Watching Google I/O, the company's annual developer-centric keynote, is a bit like watching Wayne Brady's frenetic reboot of Let's Make a Deal. In case you haven't seen the TV show, here's the basic concept: people dress up in insane, colorful costumes. They get picked out of the audience and start screaming and crying. They're offered arbitrary choices or games of chance to narrow down their selection of a prize which they can't see.

"Which door?" asks Wayne, one arm around the hysterical woman in a chicken suit.

"Uh, door number two!"

"Are you sure?" Wayne always double checks.

"Yeah, why not!" she screams. Buckets of tears are getting all the fake feathers wet, and it's hard to tell if Wayne's sidehug is the loving embrace of a father or the stern guidance of a disciplinarian. Or both.

But is it worth the risk of losing your newfound Hot Tub and getting stuck with a gift certificate to Red Lobster?

Wayne asks the prize gods to reveal what's behind door number two. The Jeopardy / Wheel of Fortune / Price is Right narrator explains the merits of the Jet Ski / Vacation Package / Hot Tub / Patio Furniture door number two unveils. Then Wayne asks that terrible, unfair question: keep what you've got, or try a different door? And you just know there's a car behind one of those other two doors. But is it worth the risk of losing your newfound Hot Tub and getting stuck with a gift certificate to Red Lobster?

And that's how I feel watching Google I/O. It's a game of chance, and somebody is going to go home happy, grateful for the iterative changes to the phone version of Android, and someone else is going to go home heartbroken after Google totally fails on Android TV / Android Wear / Android for Chrome OS / Android Auto / Google Fit somewhere between 6 and 12 months from now.

History is littered with the carcasses of failed or abandoned Google projects. Google Wave, Google Buzz, Android@Home, Google Reader... shall I go on? And yet, the world is shaped by Google's relatively few successes, like Search, Android, and Gmail. The trouble for me and the chicken woman is picking the right door to pin our hopes and dreams and next family vacation on.

I love Google as a company.
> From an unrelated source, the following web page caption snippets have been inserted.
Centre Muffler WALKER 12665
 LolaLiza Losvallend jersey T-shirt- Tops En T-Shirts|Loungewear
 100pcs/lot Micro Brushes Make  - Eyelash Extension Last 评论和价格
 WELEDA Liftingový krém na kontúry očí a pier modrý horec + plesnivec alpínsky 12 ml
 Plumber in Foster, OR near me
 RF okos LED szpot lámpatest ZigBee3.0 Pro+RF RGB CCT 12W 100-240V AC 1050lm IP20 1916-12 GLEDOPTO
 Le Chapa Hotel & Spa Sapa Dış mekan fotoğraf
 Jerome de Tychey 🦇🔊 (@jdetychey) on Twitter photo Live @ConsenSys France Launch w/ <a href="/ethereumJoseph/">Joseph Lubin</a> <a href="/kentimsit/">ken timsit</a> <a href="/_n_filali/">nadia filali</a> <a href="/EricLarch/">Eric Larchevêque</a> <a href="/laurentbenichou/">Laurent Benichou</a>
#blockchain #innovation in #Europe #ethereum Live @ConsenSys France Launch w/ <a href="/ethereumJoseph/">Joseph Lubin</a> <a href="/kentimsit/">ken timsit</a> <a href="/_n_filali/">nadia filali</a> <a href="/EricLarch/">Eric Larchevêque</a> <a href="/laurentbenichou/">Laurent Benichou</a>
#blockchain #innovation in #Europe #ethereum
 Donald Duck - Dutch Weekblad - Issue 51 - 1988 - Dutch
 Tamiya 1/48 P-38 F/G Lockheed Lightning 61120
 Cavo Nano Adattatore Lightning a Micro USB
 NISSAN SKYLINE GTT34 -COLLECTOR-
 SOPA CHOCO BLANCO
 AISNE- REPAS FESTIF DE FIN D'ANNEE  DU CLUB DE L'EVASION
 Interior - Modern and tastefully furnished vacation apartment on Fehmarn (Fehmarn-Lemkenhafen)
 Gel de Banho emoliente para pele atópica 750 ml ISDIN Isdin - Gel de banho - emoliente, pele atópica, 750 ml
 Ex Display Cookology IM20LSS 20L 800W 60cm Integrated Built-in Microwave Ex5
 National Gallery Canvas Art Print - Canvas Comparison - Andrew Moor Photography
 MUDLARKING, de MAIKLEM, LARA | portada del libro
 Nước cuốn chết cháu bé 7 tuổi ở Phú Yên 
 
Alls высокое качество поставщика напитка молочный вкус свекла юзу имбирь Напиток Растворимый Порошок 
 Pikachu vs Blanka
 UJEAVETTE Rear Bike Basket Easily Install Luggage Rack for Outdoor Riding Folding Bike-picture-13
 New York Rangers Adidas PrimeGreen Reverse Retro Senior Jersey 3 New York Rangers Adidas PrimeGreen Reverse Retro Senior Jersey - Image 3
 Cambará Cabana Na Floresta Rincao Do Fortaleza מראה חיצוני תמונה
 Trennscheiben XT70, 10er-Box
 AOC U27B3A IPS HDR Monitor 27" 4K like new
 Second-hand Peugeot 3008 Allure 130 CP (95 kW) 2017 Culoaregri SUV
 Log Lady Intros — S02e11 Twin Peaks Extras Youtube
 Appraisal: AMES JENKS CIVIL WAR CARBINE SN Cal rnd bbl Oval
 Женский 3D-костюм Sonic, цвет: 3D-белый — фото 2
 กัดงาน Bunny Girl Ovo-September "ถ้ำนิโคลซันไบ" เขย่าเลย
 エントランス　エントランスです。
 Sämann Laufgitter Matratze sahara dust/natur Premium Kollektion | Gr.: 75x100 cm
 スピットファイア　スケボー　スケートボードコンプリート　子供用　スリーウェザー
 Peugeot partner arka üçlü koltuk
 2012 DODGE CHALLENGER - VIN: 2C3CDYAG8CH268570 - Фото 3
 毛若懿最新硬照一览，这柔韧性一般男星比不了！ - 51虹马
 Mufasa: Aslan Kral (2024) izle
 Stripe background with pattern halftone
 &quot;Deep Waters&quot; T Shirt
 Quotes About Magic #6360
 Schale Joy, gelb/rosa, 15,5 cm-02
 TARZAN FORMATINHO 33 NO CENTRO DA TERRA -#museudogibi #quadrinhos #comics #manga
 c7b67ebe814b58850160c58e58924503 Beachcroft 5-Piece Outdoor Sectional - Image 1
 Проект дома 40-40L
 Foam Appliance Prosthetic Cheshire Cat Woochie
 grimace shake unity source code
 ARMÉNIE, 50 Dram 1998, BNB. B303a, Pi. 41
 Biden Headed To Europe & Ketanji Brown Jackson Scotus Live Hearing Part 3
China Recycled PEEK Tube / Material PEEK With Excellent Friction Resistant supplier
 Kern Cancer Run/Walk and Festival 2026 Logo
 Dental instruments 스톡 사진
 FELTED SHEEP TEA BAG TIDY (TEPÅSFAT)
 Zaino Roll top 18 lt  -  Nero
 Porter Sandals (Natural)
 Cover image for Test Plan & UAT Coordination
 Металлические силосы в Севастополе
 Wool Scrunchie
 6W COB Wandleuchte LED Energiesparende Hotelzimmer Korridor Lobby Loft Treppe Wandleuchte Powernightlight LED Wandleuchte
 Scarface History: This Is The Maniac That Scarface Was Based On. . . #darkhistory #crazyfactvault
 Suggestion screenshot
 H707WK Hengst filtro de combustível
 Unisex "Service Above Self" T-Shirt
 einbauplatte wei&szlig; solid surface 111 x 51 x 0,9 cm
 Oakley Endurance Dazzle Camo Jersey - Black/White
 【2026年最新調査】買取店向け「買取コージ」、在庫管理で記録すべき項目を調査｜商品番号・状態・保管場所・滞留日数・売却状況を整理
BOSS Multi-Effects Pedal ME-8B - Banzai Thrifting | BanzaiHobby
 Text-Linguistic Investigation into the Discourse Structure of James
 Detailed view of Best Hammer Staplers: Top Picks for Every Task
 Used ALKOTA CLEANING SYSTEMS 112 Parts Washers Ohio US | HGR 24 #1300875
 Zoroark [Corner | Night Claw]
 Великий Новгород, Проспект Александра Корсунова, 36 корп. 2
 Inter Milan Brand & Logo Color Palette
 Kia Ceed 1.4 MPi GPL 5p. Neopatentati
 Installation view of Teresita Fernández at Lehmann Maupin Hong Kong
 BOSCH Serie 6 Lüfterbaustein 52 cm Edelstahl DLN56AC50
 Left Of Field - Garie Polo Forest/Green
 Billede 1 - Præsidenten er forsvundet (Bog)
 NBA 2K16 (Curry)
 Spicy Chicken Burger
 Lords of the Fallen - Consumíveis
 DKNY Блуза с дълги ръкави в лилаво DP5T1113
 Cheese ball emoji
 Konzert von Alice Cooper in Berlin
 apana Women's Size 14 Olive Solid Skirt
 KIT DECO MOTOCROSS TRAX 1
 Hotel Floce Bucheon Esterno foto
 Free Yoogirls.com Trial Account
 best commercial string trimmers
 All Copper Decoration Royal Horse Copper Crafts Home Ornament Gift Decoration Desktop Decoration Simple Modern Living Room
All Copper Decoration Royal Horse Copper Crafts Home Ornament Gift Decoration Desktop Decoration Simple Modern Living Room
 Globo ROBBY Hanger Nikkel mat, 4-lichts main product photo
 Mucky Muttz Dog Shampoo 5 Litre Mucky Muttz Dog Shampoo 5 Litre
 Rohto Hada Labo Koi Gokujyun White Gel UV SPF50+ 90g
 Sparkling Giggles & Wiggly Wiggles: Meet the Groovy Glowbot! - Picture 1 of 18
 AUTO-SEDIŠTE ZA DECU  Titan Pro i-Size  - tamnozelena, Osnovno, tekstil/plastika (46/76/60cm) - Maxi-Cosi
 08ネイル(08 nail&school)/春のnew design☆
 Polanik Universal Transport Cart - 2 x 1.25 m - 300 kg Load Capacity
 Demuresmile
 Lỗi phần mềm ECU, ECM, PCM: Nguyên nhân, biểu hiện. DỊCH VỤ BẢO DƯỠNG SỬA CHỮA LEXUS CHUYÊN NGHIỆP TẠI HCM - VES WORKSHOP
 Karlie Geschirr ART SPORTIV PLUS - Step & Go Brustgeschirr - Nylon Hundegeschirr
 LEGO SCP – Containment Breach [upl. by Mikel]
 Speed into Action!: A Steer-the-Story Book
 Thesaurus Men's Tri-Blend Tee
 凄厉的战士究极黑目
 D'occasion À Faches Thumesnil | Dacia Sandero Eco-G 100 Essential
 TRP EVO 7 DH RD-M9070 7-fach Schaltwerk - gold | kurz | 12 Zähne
I love that they're not afraid to experiment, to blow billions of dollars on robotics, to make a car as a simple vanity project. But as a user of Google products, Google I/O makes me scared and confused. Was the lack of Google Glass on stage a sign that Google is backing away from that project and just focusing on watches now?

My problem is that every single one of these companies seems set on a sort of "ownership" of my living room

For me, the single most frustrating thing about yesterday's keynote was Android TV, Google's third-ish attempt to invade that space. It made me mad at the entire industry, really. We're about a decade into the "war for the living room," and consumers are caught in the crossfire of Microsoft, Sony, Apple, Amazon, Google, Nintendo and a handful of other warmongers. It's not that I mind innovative tech companies trying to make my TV experience better, my problem is that every single one of these companies seems set on a sort of "ownership" of my living room, with the only definition of success being the exclusion, or at least inconvenience, of all competition. Case in point: how many near-identical, totally incompatible dual analog controllers must I purchase to play video games until it's "enough"?

Another dual analog controller to buyAnother dual analog controller to buy

This sort of thinking, mirrored almost exactly in Samsung, Apple, and Google’s race to control the fitness ecosystem, is dangerous when mixed with Google's casual, experimental approach to product development. Does it really expect me to choose an exclusionary product and shape my habits around it, when a year from now Google has forgotten about this little experiment and it's on to the next thing?

Google: please keep experimenting, but try and make sure those experiments aren't a zero sum game. The chicken lady and I thank you.